La traversée dura une centaine de jours pendant lesquels personne ne dit un seul mot et personne ne mangea. Le centième jour, Farawell s'agenouilla pour embrasser le sol dès qu'ils furent sortis de l'opacité de la jungle. La lumière fulgurante du soleil fit étinceler la peau bleue de leurs corps. Sur un amalgame de grosses pierres grises ils firent une pause, ils se trouvaient enfin au pied de la montagne du Xerhin. Chacun à son tour s'enleva le turban et découvrit ainsi son visage. L'un des hommes s'approcha de Farawell et lui tendit les bras, la paume des mains vers le ciel. Farawell cracha dans une main tandis que l'homme cracha dans l'autre avant de les joindre et de les frotter au dessus de sa tête en prononçant le mot "YAJX" qui signifie "merci" en Wendi. Puis Farawell observa vers les crêtes, il prit l'air soucieux et grommela dans sa barbe. Inquiet, l'homme bleu le regarda interrogatif. Farawell se tourna vers tous et leur fit signe de s'accroupir en le faisant lui-même. Il pointa du doigt un des pic de la montagne, il insista comme pour leur faire comprendre que c'est là haut qu'ils doivent se rendre. Après quoi il se leva, fit un signe d'adieu de la main et regagna le chemin par lequel ils étaient tous arrivés. Il disparut dans l'obscurité tropicale.

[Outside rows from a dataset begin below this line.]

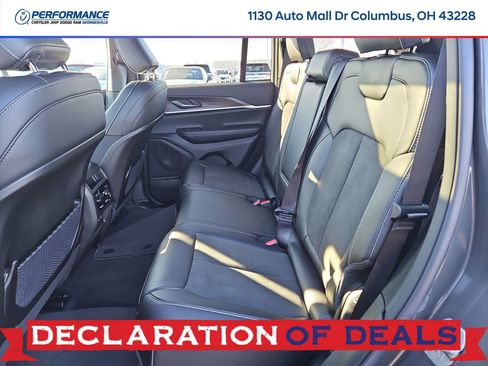 New 2026 Jeep Grand Cherokee Laredo image 13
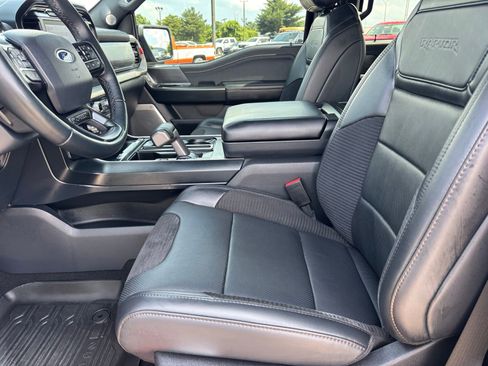 Used 2023 Ford F150 Raptor AWD/4WD image 14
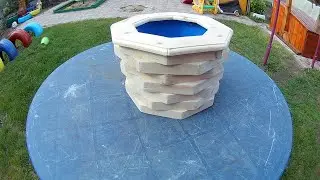 кашпо для цветов своими руками  flower pots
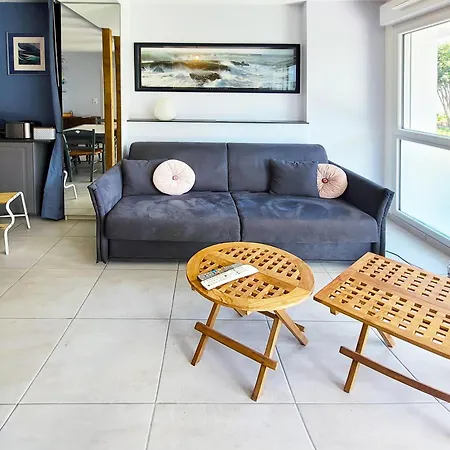 Apartmán Ty Ravissant - Les De La Cote D'amour Le Croisic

Parmi les cinq femmes, deux étaient de très jeunes filles, deux autres d'un âge plus mûr et la dernière assez âgée mais rien ne les distinguait de leur âge dans leur physique, elles possédaient toutes le même corps et le même visage de jeune femme. Dans leur regard la distinction ne se faisait que par la couleur de leur yeux, plus ils étaient clairs plus la personne était âgée. Elles portaient toutes de longs cheveux noirs et fins qui retombaient sur leurs épaules; quant aux hommes s'ils avaient la même taille, ils n'avaient ni le même visage ni la même corpulence. L'un d'eux, celui qui remercia Farawell, était très maigre et son visage était marqué de fines ridules, l'autre était plutôt costaud avec le visage rond et bosselé, tous deux n'avaient pas un cheveu sur le crâne, le premier s'appelait Wuxulin et l'autre Kazdo.

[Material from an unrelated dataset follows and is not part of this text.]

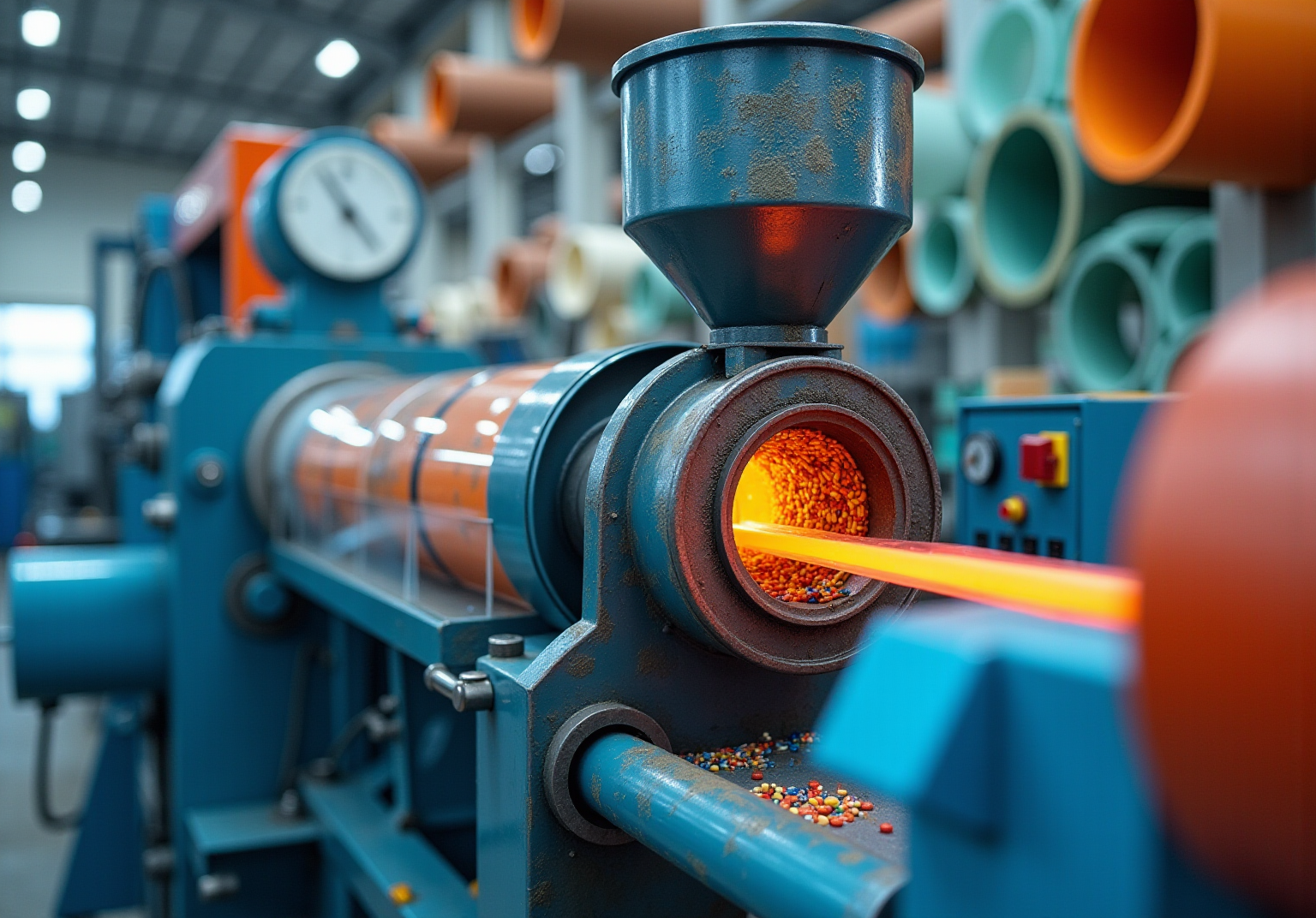 Master Best Practices for Choosing Plastic Extruders Effectively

Le sol était un désert de rochers saillants, sans aucune végétation, le pic sur lequel ils devaient se rendre était le troisième d'une série de six qui composent la chaîne montagneuse. Wuxulin marchait en tête, les femmes entre lui et Kazdo, le soleil ardent les réchauffait tout au long de la journée. Au coucher du soleil, ils s'arrêtaient pour s'allonger et ne repartaient qu'à l'aube. Dans la nuit noire, leurs corps rayonnaient d'un bleu intense à la manière de la sève blanche et étincelante des Luxaquas. Vu du ciel, ils inscrivaient un "o" lumineux au milieu de la noirceur de ce monde.

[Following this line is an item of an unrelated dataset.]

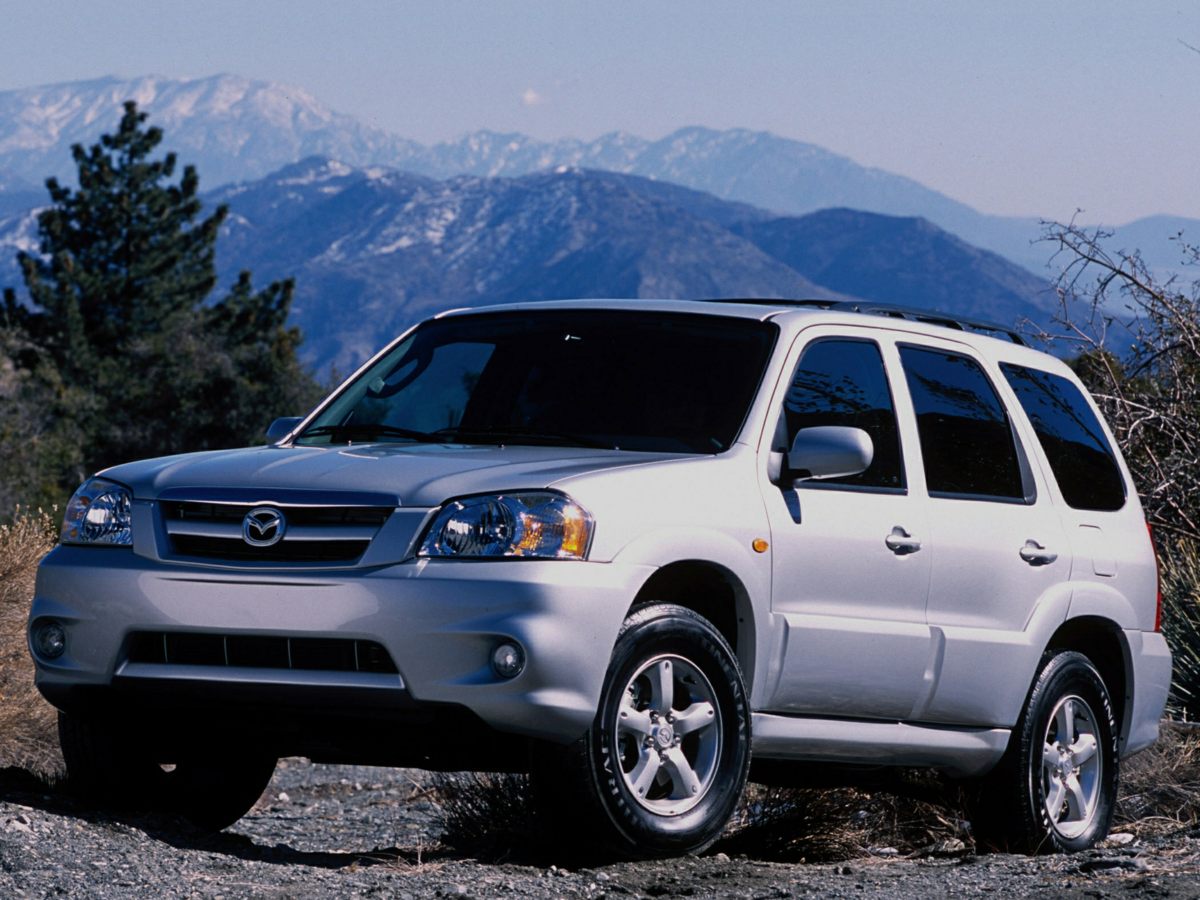 2006 Mazda Tribute s's photo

Au bout de quelques jours ils commencèrent à ressentir la fraîcheur matinale, puis ce fut la première neige sur laquelle ils posèrent leurs pieds nus. Wuxulin indiqua à tous que bientôt ils seraient rendus au sommet. En effet, le lendemain ils parvinrent au niveau du pic d'où l'on pouvait contempler l'immensité de la forêt qui emprisonnait la montagne du Xerhin. Le sommet de ce pic avait la particularité de former un plateau circulaire d'une vingtaine de mètres de diamètre. Ils se mirent tous debout et en ronde, s'accrochant l'un à l'autre par leurs petits doigts, seule une des femmes d'âge mûr nommée Xinthian vint se positionner au centre du cercle. Tous ensemble ils entamèrent un chant fait de petits mots saccadés dont le rythme évoquait celui d'un roulement de tambour, c'est alors que Xinthian s'allongea avec précaution. Son ventre prit la forme d'un ballon, il se gonfla soudainement et dans un râle vint l'enfantement. Le bébé, à peine sorti du ventre de sa mère, ouvrit grands ses yeux tout ronds et tout noirs, il poussa son premier cri qui ressemblait étrangement au "YAJX" prononcé par Wuxulin en remerciement à Farawell. Puis, le cordon coupé et noué, le bébé se mit brutalement à grandir et sur son crâne poussèrent de longs cheveux noirs et soyeux. Ayant atteint la taille d'une enfant, sa mère l'embrassa sur le front et vint se joindre à la ronde formée par les autres, c'est elle qui commençât à entonner le Qhian Ze autrement dit le "chant de la joie et de la naissance".

C'est ici, au sommet de cet étrange monde que naquit une petite fille baptisée Xavian dont la peau bleue et l'immense beauté vont ravir les mondes.